# RAW DATA:
========

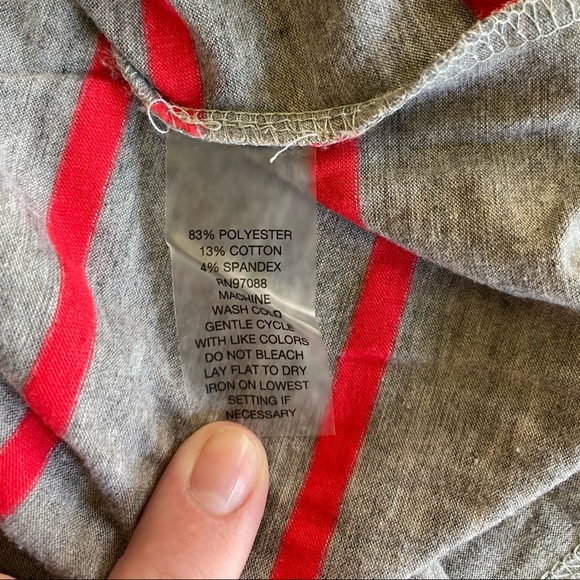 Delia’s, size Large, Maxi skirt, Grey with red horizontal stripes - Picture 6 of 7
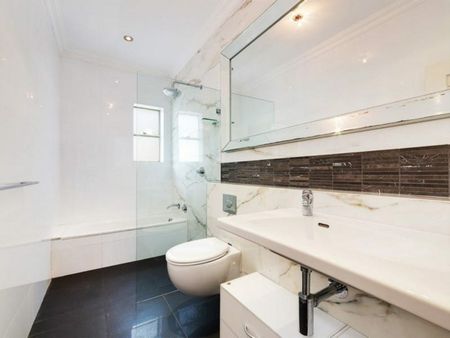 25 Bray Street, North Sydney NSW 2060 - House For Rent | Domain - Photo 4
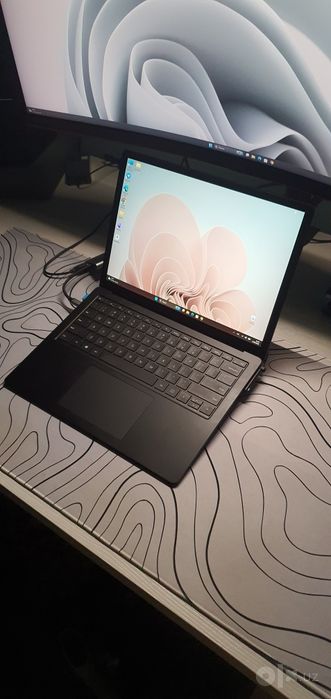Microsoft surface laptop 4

========

# TRY IT:
Word for word, repeat all the data, but not its images.

# ANSWER:
 Delia’s, size Large, Maxi skirt, Grey with red horizontal stripes - Picture 6 of 7
 25 Bray Street, North Sydney NSW 2060 - House For Rent | Domain - Photo 4
Microsoft surface laptop 4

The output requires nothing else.